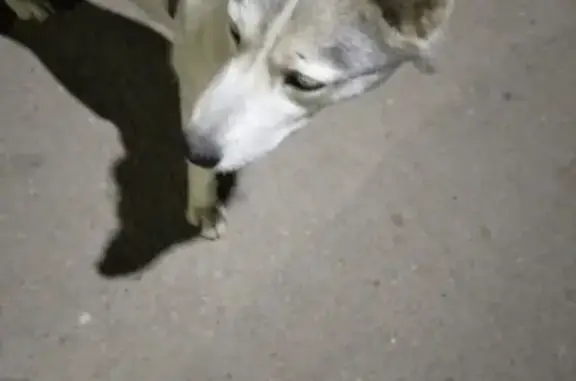 Потеряшка собака в Мясново, Тула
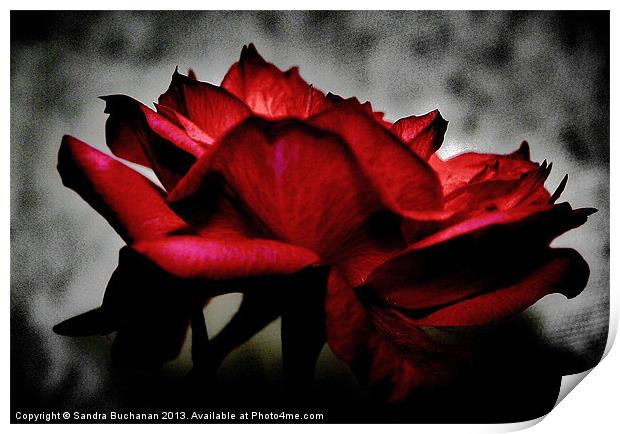 Deep Pink Rose Print by Sandra Buchanan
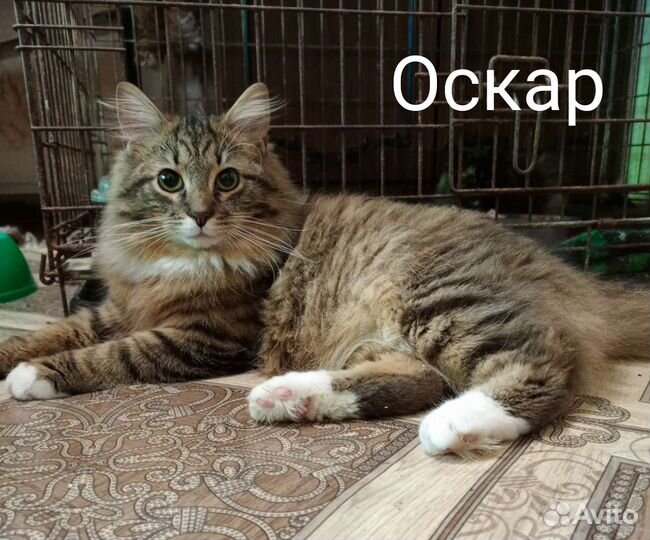 Кошка в дар бесплатно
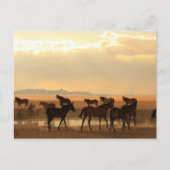 Letzte Aufforderung Postkarte (Vorderseite)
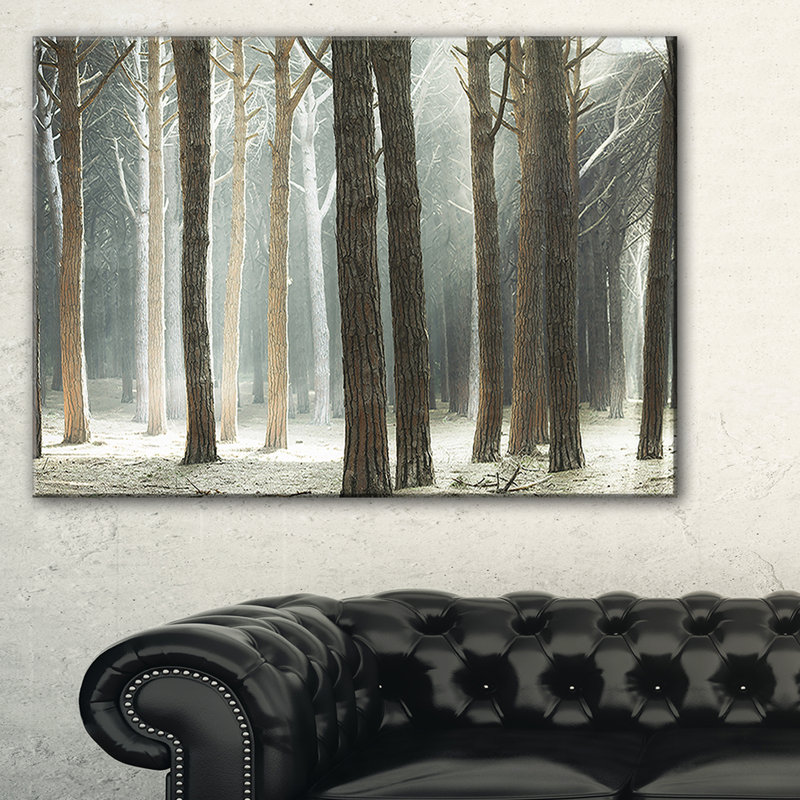 Design Art Maritime Pine Tree Forest with Rays Photographic Print on Wrapped Canvas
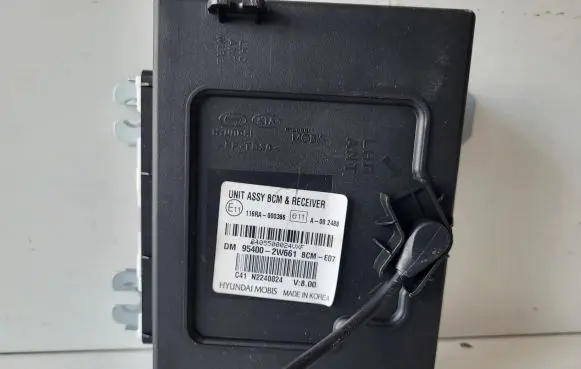 Hyundai Santa Fe Other control units/modules 954002W661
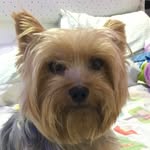 Bailey Bernabe - @balieyb1259 - Instagram
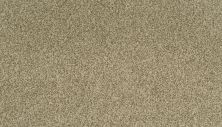 Karastan Kashmere Modern Portfolio Cuban Sand 3H35-9788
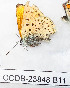  ( - CCDB-23848 B11)  @11 [ ] Copyright (2018) Zoological Institute of the Russian Academy of Science Zoological Institute of the Russian Academy of Science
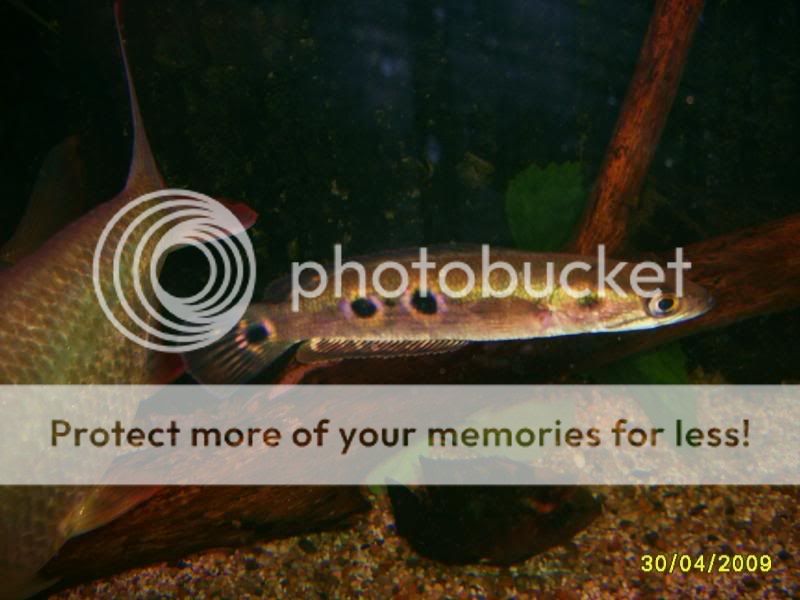 newoakwoodtanklook069.jpg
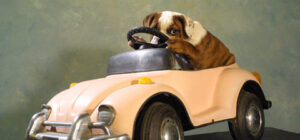 pitbull-puppy-in-car.jpg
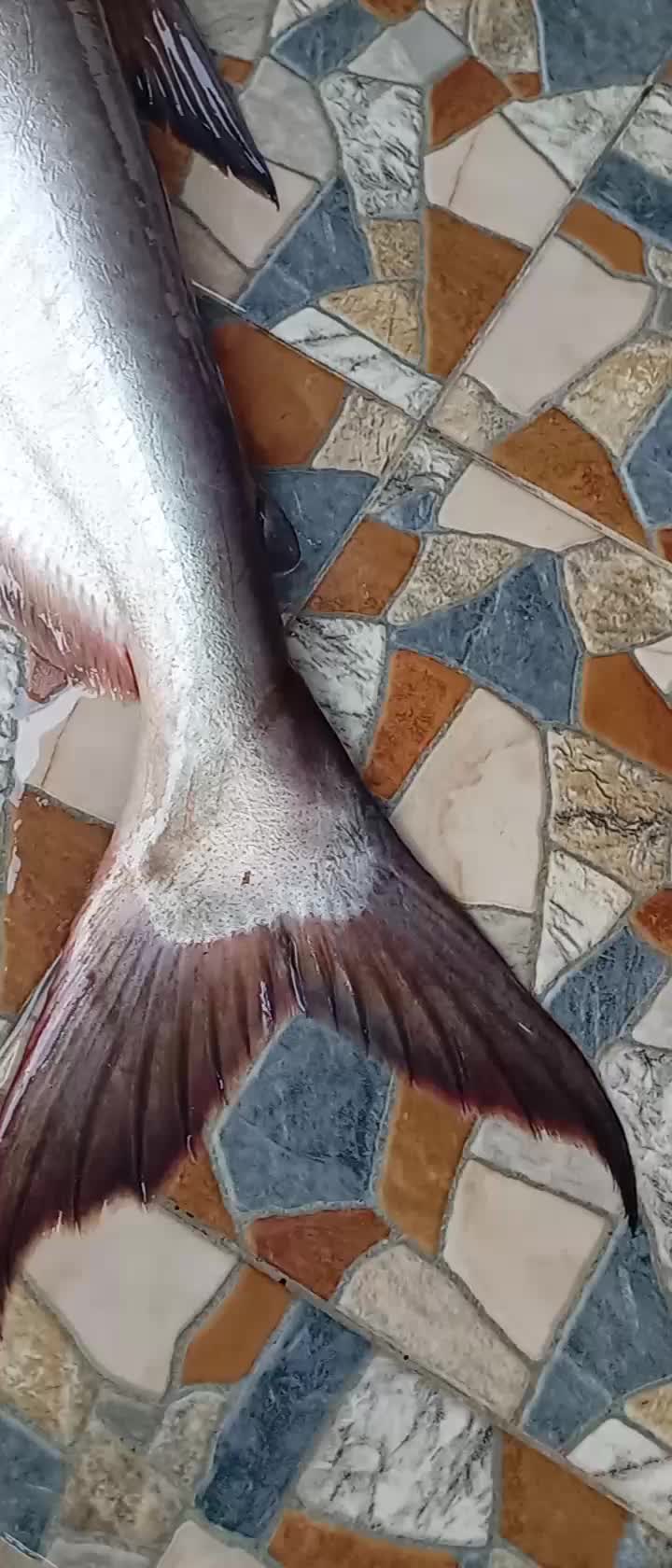 @Toman_Rimba_ll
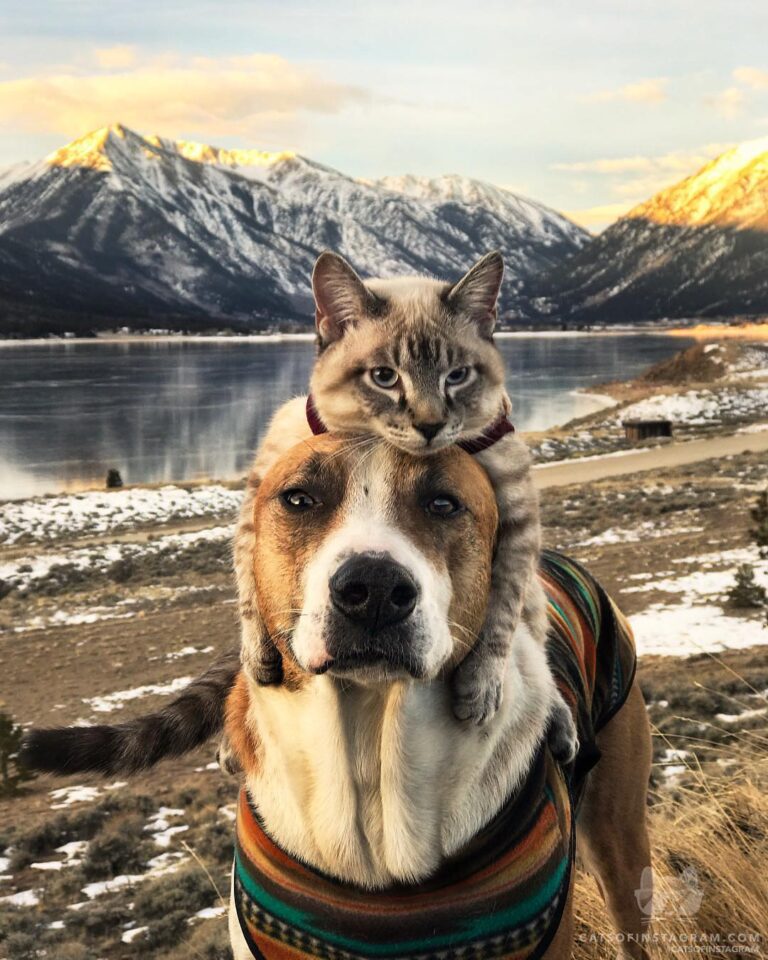 “This is my dog, his name is Henry – Baloo (the cat)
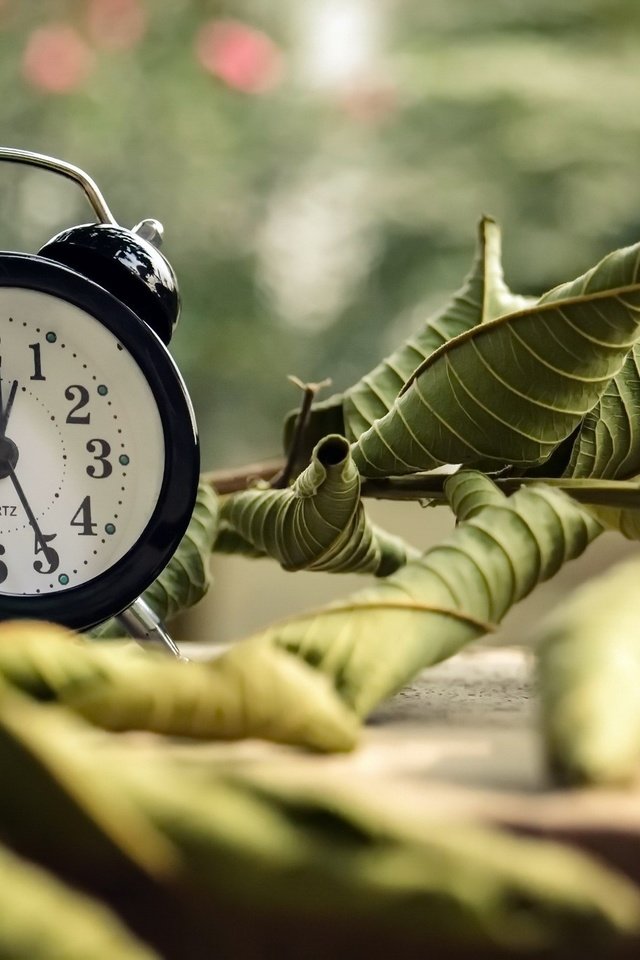 Обои листья, часы, время, будильник, циферблат, боке, ayeshadows, leaves, watch, time, alarm clock, dial, bokeh разрешение 2048x1365 Загрузить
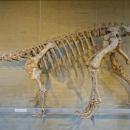 Plateosaurus engelhardti, view 1 - Naturhistorisches Museum Nürnberg - Nuremberg, Gemany - DSC04236
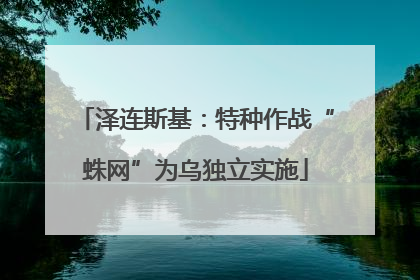泽连斯基：特种作战“蛛网”为乌独立实施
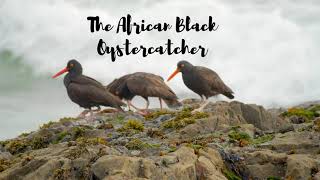 The African Black Oystercatcher- an intriguing bird! #oystercatcher #africanbirds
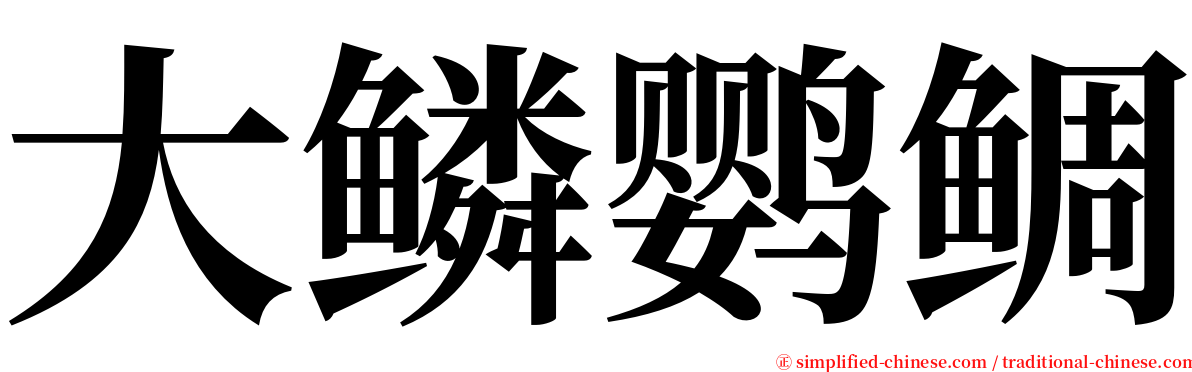 大鳞鹦鲷 serif font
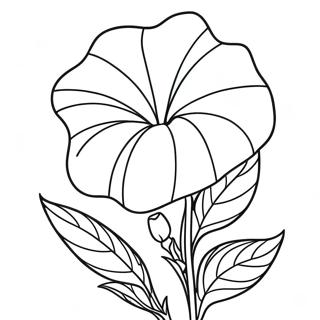Morgenglorie Blomst Malebog | Morgengry malebog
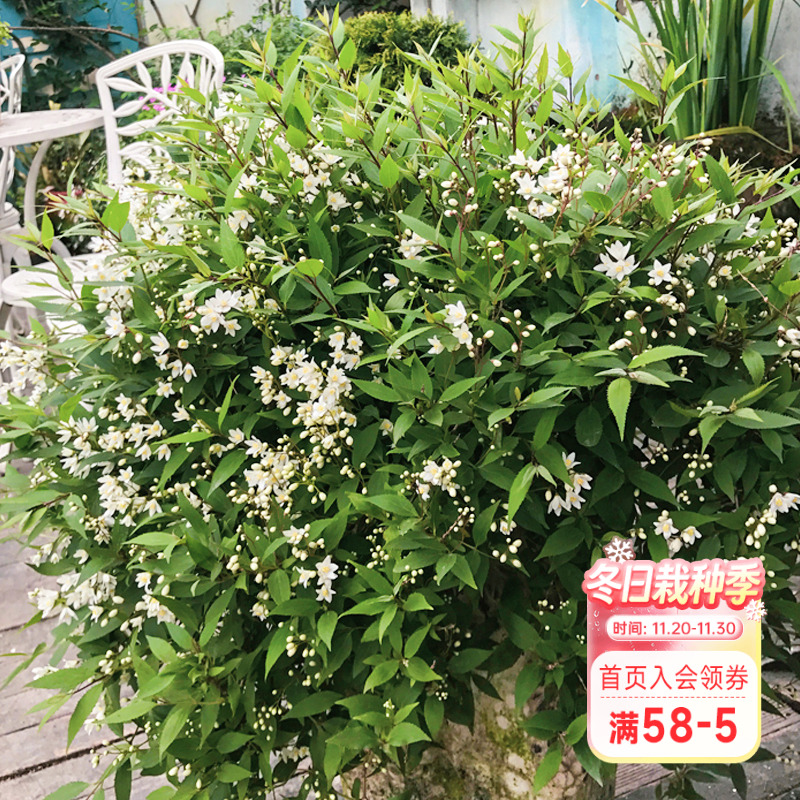 海蒂的花园 雪球冰生溲疏庭院阳台楼顶好养护垂吊植物花苗盆栽苗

→ **WORK TASK**
Output each line of the listing above, word for word, from the one holding "Plateosaurus engelhardti, view" through the last line, both included; omit the pictures.

→ **FINAL ANSWER**
 Plateosaurus engelhardti, view 1 - Naturhistorisches Museum Nürnberg - Nuremberg, Gemany - DSC04236
泽连斯基：特种作战“蛛网”为乌独立实施
 The African Black Oystercatcher- an intriguing bird! #oystercatcher #africanbirds
 大鳞鹦鲷 serif font
Morgenglorie Blomst Malebog | Morgengry malebog
 海蒂的花园 雪球冰生溲疏庭院阳台楼顶好养护垂吊植物花苗盆栽苗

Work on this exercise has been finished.